The timing for this is critical. The new company must have achieved a degree of market success, and have established some baseline activities that are proven to be profitable. So don't buy technology companies until their ideas are market-validated.
So now we have a way for a Type 1 company to get over to that other mountain. Overpay for a Type 2 company that has established a basecamp at the bottom, and clean out the old culture, replacing it with a Type 1 culture, then scale the sales.
The great thing about this modus operandi. is that the type 1 company doesn't have to pretend to be any good at innovation. It should shut down all its research efforts and focus only on development. Let all the little startups take the risks; 98 of them will fail and 2 will succeed. Then buy one of those.
This is how Cisco operated in its heyday. It lost its way when it started buying other Type 1 companies like Linksys. This also seems to be how Warren Buffett operates. He is only interested in Type 1 companies.
Apple was a type 2 company under Steve Jobs, and with the succession to Tim Cook, has become a Type 1 company. Don't expect any more internally generated innovation from them. But Apple has a vast cash hoard, and can easily buy innovation with relatively low risk – no need to pick winners before they have obviously won.

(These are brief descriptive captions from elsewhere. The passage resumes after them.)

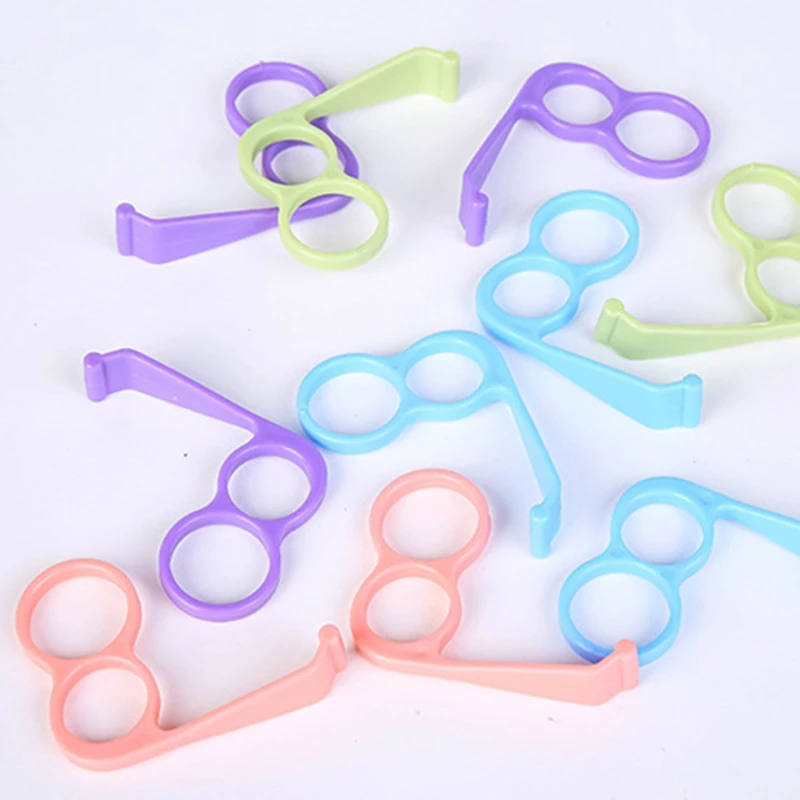 Удобный держатель с кольцом на - Фотография_3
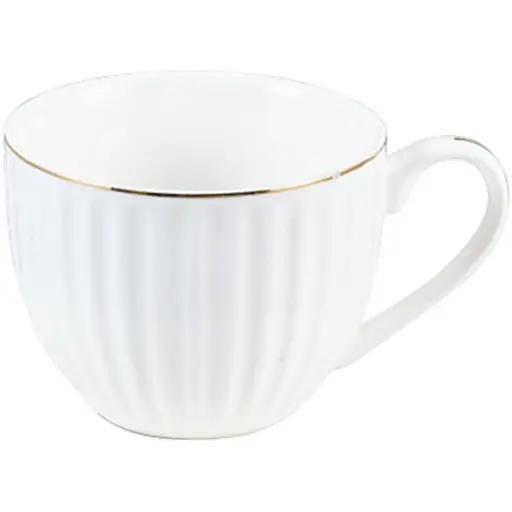 Чашка кавова S&T Франческа 120 мл (040-01-115)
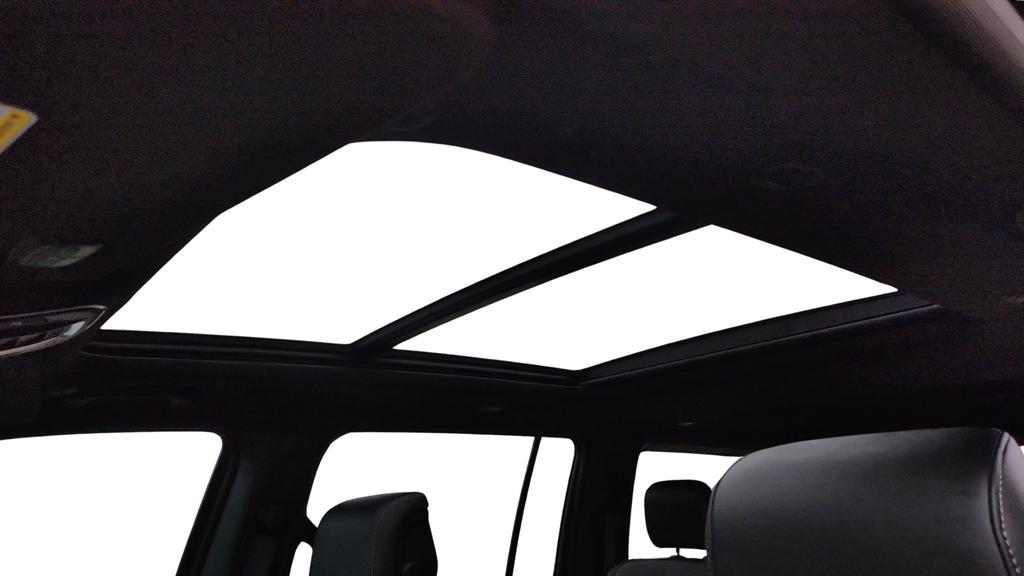 new 2025 Jeep Wagoneer car, priced at $67,601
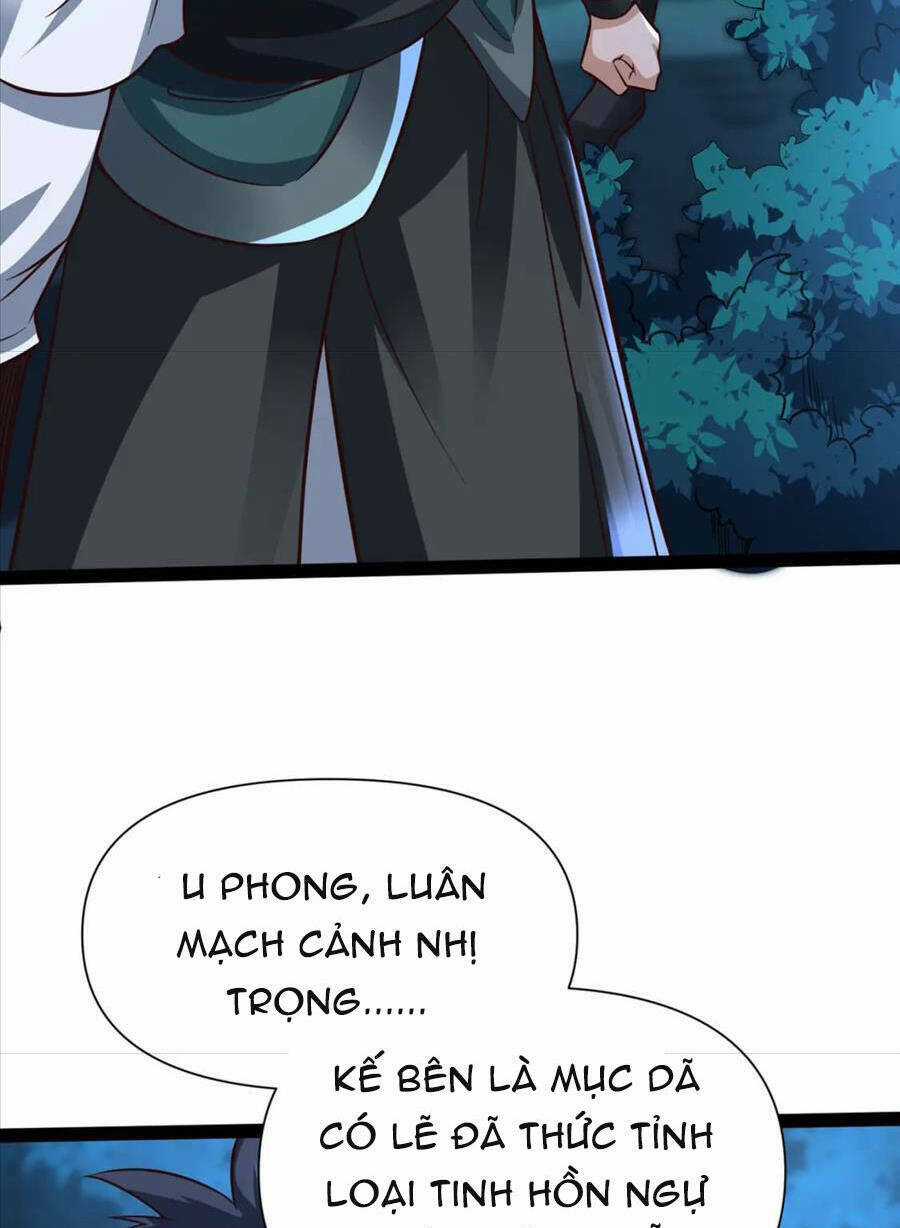 Thái Cổ Thần Vương Chapter 17 trang 80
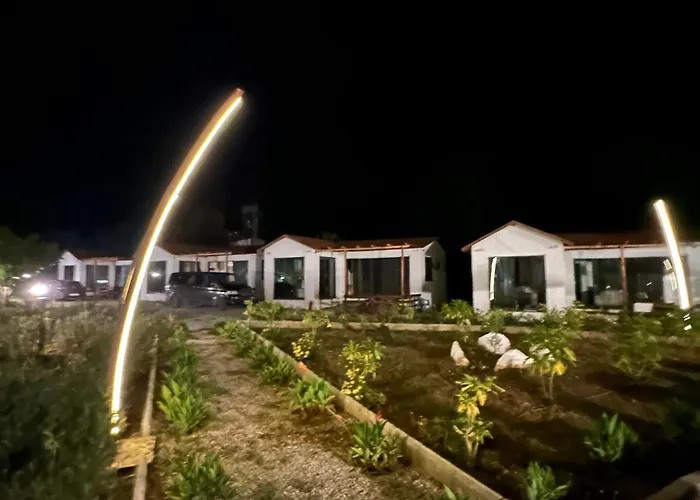 Zirkon Valley Boutique Fethiye
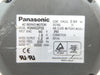 Panasonic MQMA022P2B AC Servo Motor Reseller Lot of 5 Working Surplus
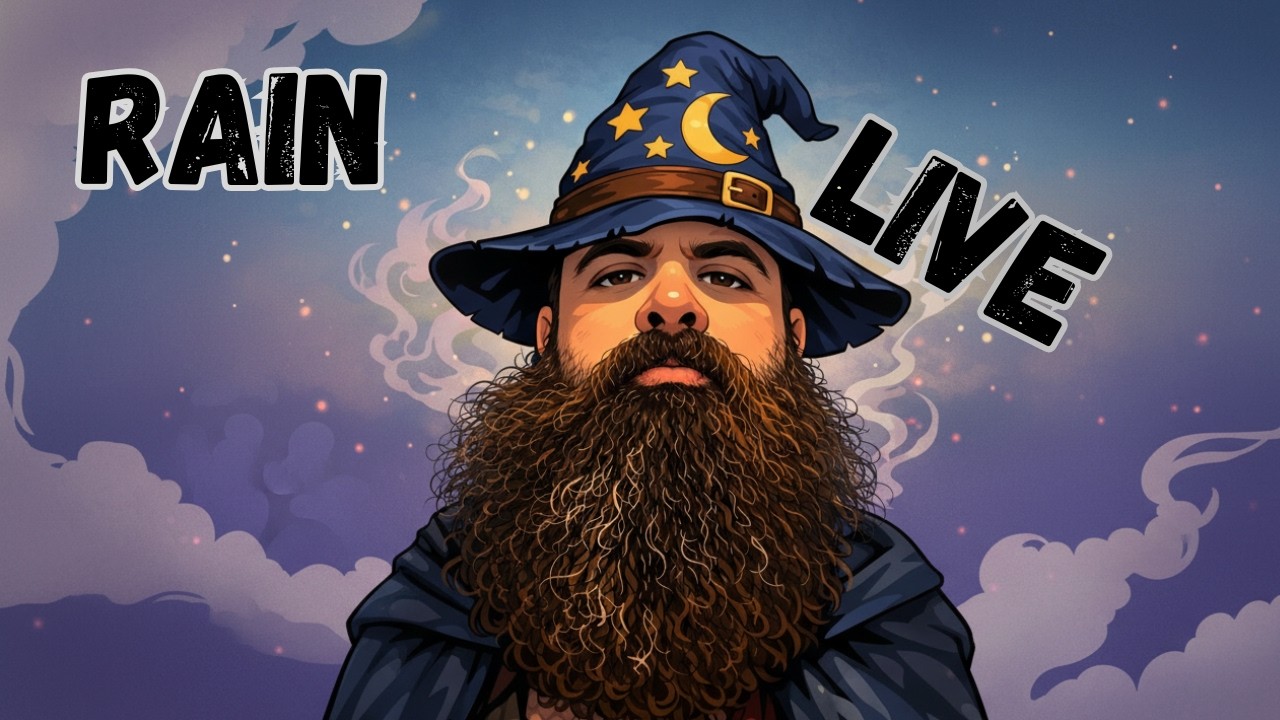 DMZ LIVE - Happy 2 years streaming!!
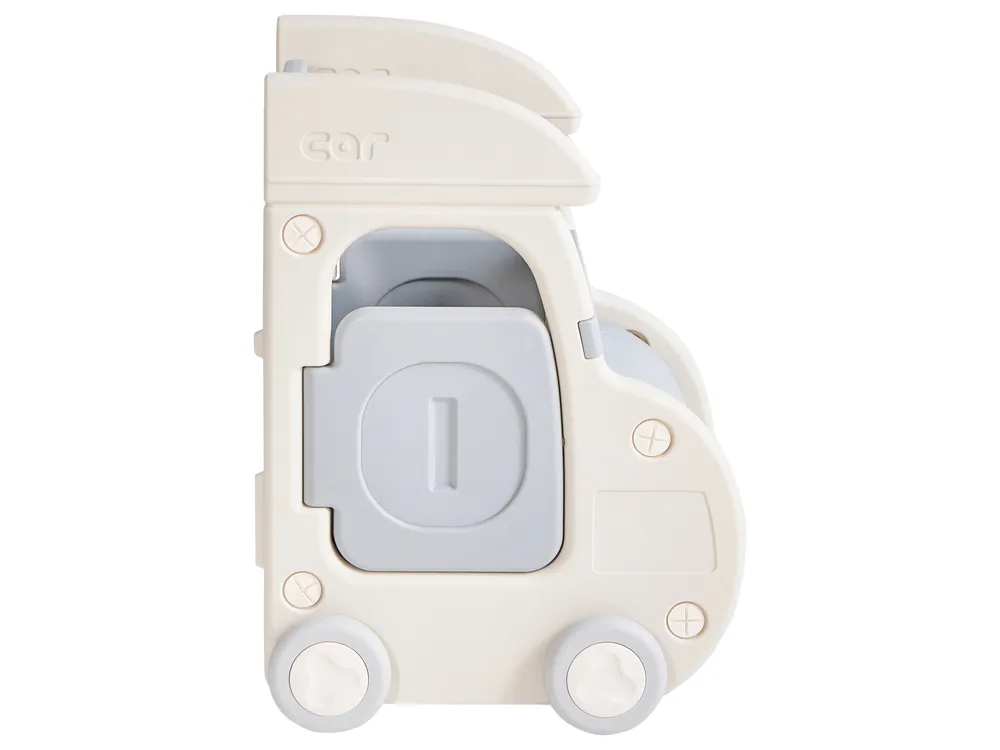 Leluhyllykkö BULLI Rekka 67 cm Beige_1123521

Acquirers often talk about how they want to preserve the innovative culture of their acquisition. By this analysis, such an acquisition is doomed.'
My comments:
Looking at the 50 most innovative companies listed in the March issue of Fast Company – at the no 1 spot is Nike. The company was established in 1964. And has the hallmarks of being both a type 1 and a type 2 company – the type 1 elements funding the type 2. The article notes that 'based on interviews with top Nike executives, current and former designers, engineers, and longtime collaborators, reveals four distinct rules that guide this company, that allow it to take big risks, that push it to adapt before competitors force it to change':
- To disrupt you must go all-in: 'Flyknit isn't a shoe – it's a way to make shoes. … Nike has gone all-in on that bet, building a whole new manufacturing process around the product.'
- Anticipate a product's evolution: 'three steps ahead thinking is important for any product … if Nike doesn't bet on crazy ideas, its rivals will'
- Direct your partners: 'successful businesses need to constantly evolve, either through partnerships, new talent, acquisitions – or all three'
- Feed the company culture: 'That cohesive culture [of stories and secrets] begets tangible benefits, such as talent retention. That self-image is infused into every marketing message … to a public eager to finally be let in on the secret'
Look at the other companies on the list. There are some big, established companies – but not many (20%) – Amazon is in 2nd, Target (a US retailer) in 10th, Google is 11th, Apple is 13th, Samsung 17th, SodaStream 23rd, Ford 27th, GE Healthcare 34th, Corning 36th, Microsoft 48th.
It's interesting that Warren Buffet has just announced that he is going to buy Heinz – not a recent player in the most innovative company lists.
So maybe there are some lessons to be learned from thinking fast and slow about organizations and designing them from that perspective. What's your view?